There is a honeymoon for blended family couples, it just comes at the end of the journey, not at the beginning.
Falling in love produces a hope for the future. Couples with children from previous relationships who fall in love and plan a wedding also hope for a blended family filled with love and honor. They wish for a honeymoon – and a "familymoon!" But if their hope is not realized in the manner desired, disillusionment sets in. And disillusionment without perspective can erode love.
Marriage and the stepfamily experience are complicated endeavors. It is vital that you understand something of the process of becoming a family so you don't assume terrible things when you experience discouragement or disillusionment. One stepmother said, "I didn't realize that a second marriage would cause me to give up the dream of a perfect or whole family. Everyone's illusions change after marriage, but it's particularly difficult when children and a former spouse are involved." Much of the discouragement people experience in stepfamilies is normal and simply part of learning to be family for one another. Sometimes, misguided expectations of the "perfect or whole family" set you up for even greater disillusionment. It's very important that your expectations are realistic. Adjusting them now can help you aim for the right target and encourage you to relax in your family and enjoy the journey.

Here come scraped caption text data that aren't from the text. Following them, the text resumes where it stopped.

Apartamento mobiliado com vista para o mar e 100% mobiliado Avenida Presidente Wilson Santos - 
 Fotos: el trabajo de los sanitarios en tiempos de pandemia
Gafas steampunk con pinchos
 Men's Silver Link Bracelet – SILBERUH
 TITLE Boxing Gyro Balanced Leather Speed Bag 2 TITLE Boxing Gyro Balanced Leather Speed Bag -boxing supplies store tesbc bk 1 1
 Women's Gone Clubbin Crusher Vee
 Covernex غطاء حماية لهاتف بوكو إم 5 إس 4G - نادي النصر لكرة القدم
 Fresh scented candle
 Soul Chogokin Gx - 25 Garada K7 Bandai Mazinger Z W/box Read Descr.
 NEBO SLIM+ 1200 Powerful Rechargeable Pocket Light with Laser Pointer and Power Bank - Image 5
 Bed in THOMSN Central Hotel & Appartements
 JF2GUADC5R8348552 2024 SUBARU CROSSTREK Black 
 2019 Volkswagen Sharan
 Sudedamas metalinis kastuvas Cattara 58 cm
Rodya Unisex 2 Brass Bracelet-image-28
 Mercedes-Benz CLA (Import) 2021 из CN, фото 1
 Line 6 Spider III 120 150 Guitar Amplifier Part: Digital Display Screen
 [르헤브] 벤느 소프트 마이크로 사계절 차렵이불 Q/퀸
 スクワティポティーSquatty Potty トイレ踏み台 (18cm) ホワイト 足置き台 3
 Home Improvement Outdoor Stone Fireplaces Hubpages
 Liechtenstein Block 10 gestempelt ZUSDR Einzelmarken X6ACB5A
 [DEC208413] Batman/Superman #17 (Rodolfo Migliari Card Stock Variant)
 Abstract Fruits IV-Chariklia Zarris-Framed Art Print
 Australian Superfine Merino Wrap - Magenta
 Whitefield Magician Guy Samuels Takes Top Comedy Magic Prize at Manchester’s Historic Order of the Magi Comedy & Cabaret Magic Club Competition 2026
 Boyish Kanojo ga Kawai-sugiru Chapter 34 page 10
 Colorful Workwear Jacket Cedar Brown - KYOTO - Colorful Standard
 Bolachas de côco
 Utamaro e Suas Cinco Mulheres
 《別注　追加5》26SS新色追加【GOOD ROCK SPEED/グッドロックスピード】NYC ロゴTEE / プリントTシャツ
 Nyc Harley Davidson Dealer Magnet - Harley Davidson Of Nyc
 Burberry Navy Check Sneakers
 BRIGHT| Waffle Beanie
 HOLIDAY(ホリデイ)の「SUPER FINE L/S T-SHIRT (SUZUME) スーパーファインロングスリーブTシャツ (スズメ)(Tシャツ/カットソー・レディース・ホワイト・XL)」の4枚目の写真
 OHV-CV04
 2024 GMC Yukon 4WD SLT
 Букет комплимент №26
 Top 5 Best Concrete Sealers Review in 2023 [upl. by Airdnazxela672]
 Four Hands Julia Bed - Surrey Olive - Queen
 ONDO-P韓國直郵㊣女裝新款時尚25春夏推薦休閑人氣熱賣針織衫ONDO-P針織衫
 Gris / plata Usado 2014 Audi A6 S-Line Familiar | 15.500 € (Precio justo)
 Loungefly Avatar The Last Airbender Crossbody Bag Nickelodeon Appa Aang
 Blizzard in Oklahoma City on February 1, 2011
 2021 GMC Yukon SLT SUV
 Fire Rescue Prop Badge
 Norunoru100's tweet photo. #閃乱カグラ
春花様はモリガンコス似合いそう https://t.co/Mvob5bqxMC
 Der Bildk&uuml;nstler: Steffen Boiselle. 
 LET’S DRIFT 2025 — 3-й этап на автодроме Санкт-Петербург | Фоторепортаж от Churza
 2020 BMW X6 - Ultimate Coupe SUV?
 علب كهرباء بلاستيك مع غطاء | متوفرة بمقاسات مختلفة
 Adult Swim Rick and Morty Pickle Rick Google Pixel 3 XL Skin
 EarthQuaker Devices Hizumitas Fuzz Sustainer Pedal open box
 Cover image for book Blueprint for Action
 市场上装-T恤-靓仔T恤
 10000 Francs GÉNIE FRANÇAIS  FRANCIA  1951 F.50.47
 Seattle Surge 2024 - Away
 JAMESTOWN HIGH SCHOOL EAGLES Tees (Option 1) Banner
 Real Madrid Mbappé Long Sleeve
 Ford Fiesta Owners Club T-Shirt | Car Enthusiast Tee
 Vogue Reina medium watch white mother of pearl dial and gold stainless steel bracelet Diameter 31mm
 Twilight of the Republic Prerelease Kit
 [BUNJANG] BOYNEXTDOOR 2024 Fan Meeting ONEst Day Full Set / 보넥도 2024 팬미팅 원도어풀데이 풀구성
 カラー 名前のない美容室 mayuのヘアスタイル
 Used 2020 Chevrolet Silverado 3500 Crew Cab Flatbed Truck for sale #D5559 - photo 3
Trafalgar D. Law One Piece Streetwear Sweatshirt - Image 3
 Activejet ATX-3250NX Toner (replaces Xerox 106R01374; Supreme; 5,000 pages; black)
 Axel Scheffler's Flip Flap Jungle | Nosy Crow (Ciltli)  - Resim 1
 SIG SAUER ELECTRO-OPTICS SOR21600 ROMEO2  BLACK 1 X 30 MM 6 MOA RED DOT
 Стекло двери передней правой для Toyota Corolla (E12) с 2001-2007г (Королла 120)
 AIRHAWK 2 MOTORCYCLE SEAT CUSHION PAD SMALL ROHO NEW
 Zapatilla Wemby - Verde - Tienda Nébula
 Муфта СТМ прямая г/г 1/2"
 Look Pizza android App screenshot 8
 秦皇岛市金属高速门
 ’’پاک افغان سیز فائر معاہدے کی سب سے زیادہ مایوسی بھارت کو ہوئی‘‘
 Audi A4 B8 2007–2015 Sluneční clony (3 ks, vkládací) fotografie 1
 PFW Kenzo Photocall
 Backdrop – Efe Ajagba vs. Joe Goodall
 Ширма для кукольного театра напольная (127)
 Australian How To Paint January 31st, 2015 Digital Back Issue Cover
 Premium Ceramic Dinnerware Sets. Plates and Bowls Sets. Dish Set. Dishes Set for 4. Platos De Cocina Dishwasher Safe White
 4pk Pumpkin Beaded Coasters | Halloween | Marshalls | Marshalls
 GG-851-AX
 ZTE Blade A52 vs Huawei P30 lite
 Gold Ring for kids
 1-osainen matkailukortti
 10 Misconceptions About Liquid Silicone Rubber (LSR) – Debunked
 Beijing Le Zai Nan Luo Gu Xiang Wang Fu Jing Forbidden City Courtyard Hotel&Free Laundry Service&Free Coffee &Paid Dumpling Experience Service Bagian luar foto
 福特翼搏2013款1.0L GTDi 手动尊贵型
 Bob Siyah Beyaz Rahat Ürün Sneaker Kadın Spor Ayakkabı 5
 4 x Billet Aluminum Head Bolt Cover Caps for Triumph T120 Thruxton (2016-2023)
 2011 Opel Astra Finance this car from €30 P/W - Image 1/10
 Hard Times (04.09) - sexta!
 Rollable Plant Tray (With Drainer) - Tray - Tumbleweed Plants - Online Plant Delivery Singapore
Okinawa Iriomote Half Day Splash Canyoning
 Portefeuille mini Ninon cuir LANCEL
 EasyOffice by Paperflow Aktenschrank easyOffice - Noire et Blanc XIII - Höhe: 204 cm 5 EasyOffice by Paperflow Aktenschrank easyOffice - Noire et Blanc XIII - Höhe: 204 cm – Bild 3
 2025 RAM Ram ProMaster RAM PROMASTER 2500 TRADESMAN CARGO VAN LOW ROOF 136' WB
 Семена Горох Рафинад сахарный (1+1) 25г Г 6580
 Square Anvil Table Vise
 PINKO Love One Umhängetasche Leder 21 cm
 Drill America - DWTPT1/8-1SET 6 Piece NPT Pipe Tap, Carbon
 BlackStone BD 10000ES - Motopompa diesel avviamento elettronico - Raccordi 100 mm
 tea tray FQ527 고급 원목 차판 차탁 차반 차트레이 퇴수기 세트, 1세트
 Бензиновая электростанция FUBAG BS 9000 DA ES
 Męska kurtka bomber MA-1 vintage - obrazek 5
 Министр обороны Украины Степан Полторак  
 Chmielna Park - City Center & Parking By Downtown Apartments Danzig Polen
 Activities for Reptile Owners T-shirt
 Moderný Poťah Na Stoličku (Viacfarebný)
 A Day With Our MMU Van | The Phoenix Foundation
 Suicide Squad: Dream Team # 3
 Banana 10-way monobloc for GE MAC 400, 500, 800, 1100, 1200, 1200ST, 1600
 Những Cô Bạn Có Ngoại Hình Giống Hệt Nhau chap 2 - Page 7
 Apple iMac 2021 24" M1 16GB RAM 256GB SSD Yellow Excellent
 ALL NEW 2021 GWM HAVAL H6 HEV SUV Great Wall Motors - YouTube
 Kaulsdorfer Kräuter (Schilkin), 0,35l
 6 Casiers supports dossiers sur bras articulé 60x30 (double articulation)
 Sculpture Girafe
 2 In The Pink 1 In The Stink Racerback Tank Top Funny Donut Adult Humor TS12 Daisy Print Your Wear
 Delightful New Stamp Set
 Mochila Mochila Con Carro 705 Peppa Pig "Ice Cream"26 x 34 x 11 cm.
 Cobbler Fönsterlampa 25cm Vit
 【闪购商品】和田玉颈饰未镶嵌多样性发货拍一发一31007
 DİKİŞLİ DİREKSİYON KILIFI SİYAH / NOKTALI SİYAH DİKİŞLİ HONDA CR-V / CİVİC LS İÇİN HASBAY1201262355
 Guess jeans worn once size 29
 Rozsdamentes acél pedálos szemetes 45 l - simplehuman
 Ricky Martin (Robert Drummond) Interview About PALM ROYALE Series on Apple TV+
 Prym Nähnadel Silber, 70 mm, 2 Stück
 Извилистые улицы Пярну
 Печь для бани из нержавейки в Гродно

Stew left in a crock-pot for only 30 minutes will not taste good. But the same ingredients allowed to cook for six hours – softening and sharing themselves at their own pace – produces a well-cooked meal. Stepfamilies take time to cook well. Patience and persistence are key culinary attitudes. So, too, is remembering that there is a honeymoon for blended family couples, it just comes at the end of the journey, not at the beginning.